Extell turns to immigrant investor funding to support its International Gem Tower in the Diamond District

The Extell Development Corporation, one of the city's most bold and ambitious developers, was the only rival to the belated RFP for the Vanderbilt Yard issued by the Metropolitan Transportation Authority in July 2005, some 18 months after city and state officials announced their backing for the Atlantic Yards plan, which included the railyard.

Now Extell is taking a cue from Forest City Ratner, seeking a low-interest loan from immigrant investors under the EB-5 program to help finance its $750 million International Gem Tower, a long-gestating--and apparently, under-financed--tower in the Diamond District of Manhattan, on 47th Street between Fifth and Sixth Avenues.

It's established the Extell New York Regional Center, with federal approval. The web site is translated into Chinese, Spanish, and Russian, indicating the home languages of the likely investors. It's unclear how much money is sought, but it has begun to accelerate marketing efforts in China, hiring consultant Brian Su.

EB-5 investors, who invest in a job-creating project in exchange for green cards for themselves, must put up $1 million or only $500,000 if the project's located in a Targeted Employment Area (TEA), with 150% of the national unemployment rate.
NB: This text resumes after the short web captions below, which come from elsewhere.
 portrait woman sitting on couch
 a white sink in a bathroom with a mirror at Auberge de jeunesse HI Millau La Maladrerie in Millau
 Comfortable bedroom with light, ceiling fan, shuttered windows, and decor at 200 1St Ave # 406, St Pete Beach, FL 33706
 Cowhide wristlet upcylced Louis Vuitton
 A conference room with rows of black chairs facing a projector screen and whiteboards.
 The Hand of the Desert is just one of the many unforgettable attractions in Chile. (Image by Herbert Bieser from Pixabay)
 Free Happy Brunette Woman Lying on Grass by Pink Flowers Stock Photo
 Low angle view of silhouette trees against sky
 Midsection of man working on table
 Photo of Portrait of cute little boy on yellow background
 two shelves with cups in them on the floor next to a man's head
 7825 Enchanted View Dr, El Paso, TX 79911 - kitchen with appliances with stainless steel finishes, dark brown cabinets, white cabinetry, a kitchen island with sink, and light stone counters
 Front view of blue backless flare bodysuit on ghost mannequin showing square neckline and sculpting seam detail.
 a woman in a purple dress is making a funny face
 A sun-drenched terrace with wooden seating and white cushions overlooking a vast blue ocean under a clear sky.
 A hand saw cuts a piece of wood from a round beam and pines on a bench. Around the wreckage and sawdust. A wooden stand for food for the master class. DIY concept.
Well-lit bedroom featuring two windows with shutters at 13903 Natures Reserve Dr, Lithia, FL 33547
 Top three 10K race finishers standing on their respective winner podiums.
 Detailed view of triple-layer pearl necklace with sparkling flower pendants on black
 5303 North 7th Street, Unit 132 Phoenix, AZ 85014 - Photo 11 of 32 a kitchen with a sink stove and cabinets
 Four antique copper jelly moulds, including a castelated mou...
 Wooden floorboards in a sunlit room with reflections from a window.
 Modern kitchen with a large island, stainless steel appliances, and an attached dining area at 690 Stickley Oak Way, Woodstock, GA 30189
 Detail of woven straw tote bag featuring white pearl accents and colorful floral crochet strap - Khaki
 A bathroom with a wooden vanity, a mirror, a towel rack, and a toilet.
Almost all investors seek projects that are in TEAs, so to draw such a TEA--a string of census tracts that includes the project site --likely will require some gerrymandering, as with the Atlantic Yards TEA.

Long gestation

The 34-story tower was approved in 2006, and the site was excavated, with a foundation poured, in 2009, the New York Times reported 5/19/09,

The web site, which seems stale, said the lower tower floors are supposed to be completed by first quarter 2012 (see graphic below), though a 3/31/11 press release stated, without acknowledging that the goalposts had moved, that "delivery is still expected 2nd half of 2012."


Finding financing


How can the project stay on schedule without construction financing? The FAQ answers:
The development is being funded through partner equity until financing is secured. Excavation and foundations are complete and as of August 2009 a crane has been delivered to the site and construction has commenced.
In a 12/27/10 article, the Wall Street Journal reported:
In recent weeks, Extell executed contracts to buy the steel and the glass curtain wall for the building, company executives said, and they plan to start vertical construction by March.
Should construction indeed begin—the building has previously moved slower than its developers have pledged—it would represent a risky and unusual move on a large, mostly speculative tower at a time when new construction of office buildings has virtually ground to a halt citywide.
Developers rarely build without loans to finance construction given the high costs and risks. Banks have been particularly cautious in making such loans in the past three years, requiring landlords to have tenants committed to lease major portions of buildings at healthy rents.
Now another source of construction financing will be sought.